Singapore: Many Asian economies have been slow to raise interest rates and clamp down on credit and they need to act promptly to avoid overheating, the International Monetary Fund said on Thursday.
Higher currency exchange rates should be a key line of defence against rising inflation, the fund said in its periodic Asia economic outlook.
“The tightening cycle has generally been slow, possibly reflecting lingering doubts about the strength of the global recovery and of private domestic demand in Asia,” the IMF said.
“The need to tighten macroeconomic policy stances in Asia has become more pressing now than it was six months ago.”
As of March 2011, policy rates were below levels that IMF staff had predicted in India, Indonesia, Korea and Thailand. In China, Korea and India, real policy rates were negative when adjusted for inflation.
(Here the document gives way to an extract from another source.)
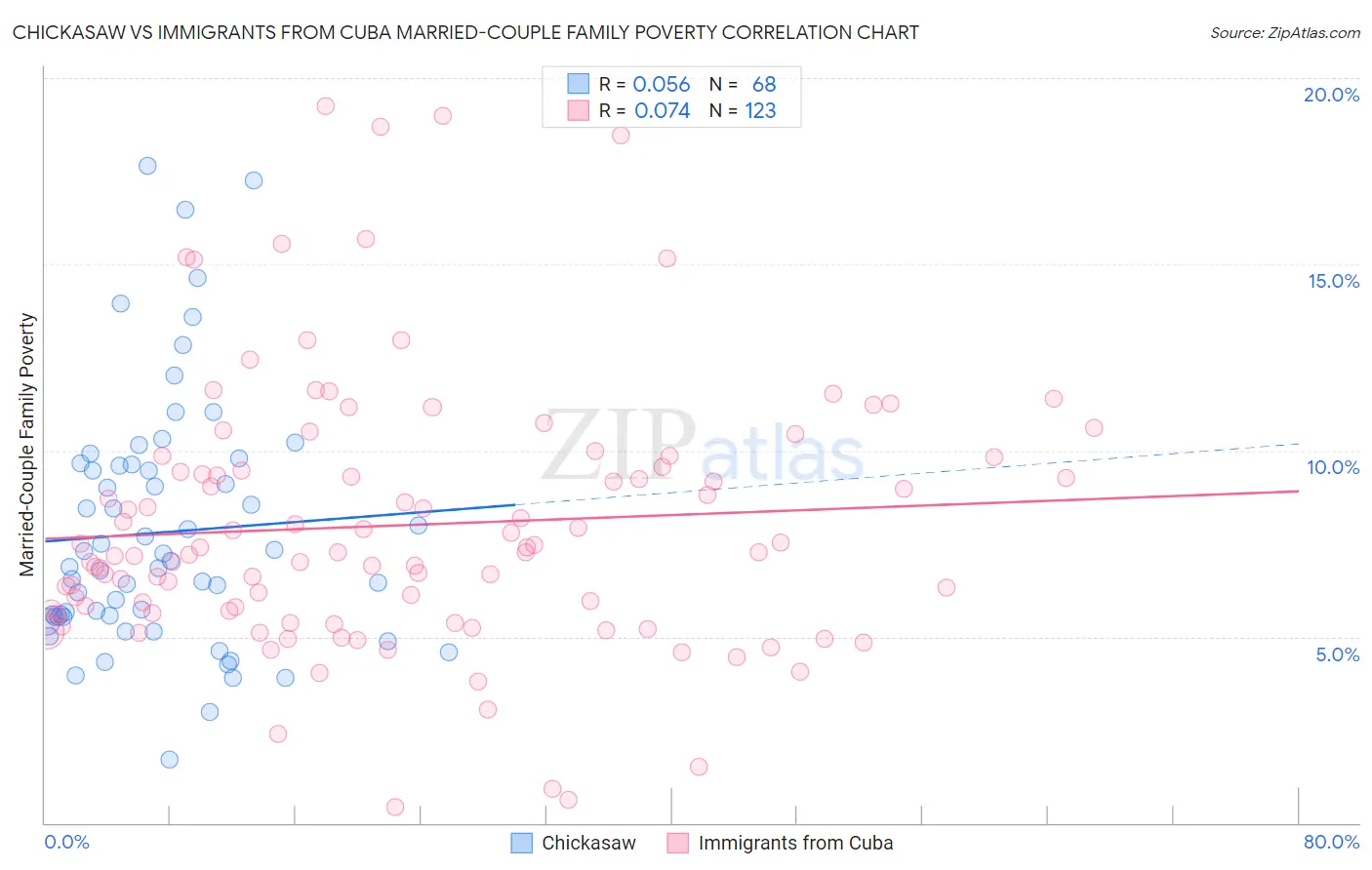 Chickasaw vs Immigrants from Cuba Married-Couple Family Poverty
The IMF has recently stepped up its warnings about rising inflation in Asia, listing that among the threats to global economic stability. It expects inflation to increase further in 2011 before decelerating modestly in 2012.
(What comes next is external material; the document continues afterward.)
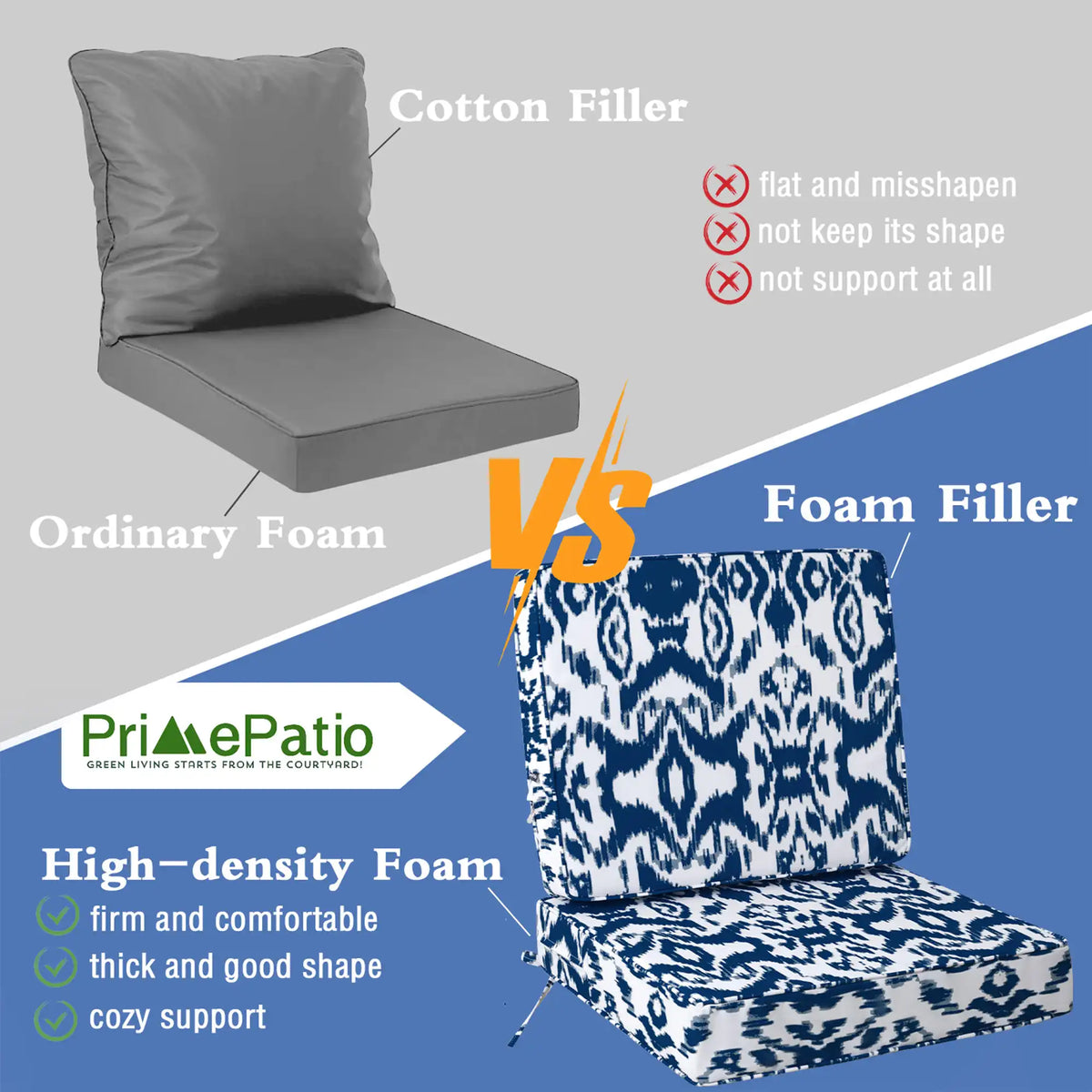 PrimePatio Square Outdoor Couch Cushions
The fund said it was premature to say China was overheating and its inflation rate appeared close to peaking, but “credit dynamics” there were particularly strong and the property markets looked “buoyant.”
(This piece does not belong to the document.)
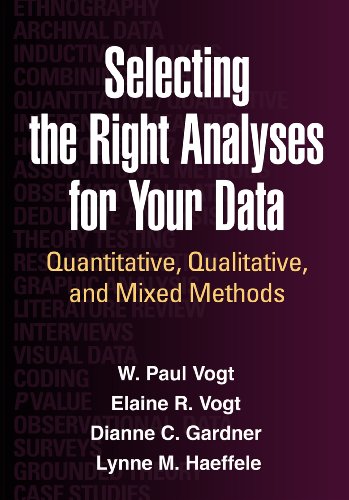 Selecting the Right Analyses for Your Data: Quantitative, Qualitative, and Mixed Methods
It acknowledged that tighter monetary policy can have the unintended consequence of attracting more foreign investment which worsens inflation, but advised against relying on capital controls as a substitute.
“Policy responses to capital inflows so far have been appropriately narrowly targeted,” the IMF said.
The Fund is in the middle of an internal debate over what advice it should offer countries on the use of capital controls. Although the IMF has softened its opposition to controls, some officials worry that countries will take that as a license to impose too many restrictions.
“The first line of defence is macroeconomic policies, including both monetary and exchange rate policy, and fiscal policy,” the IMF said.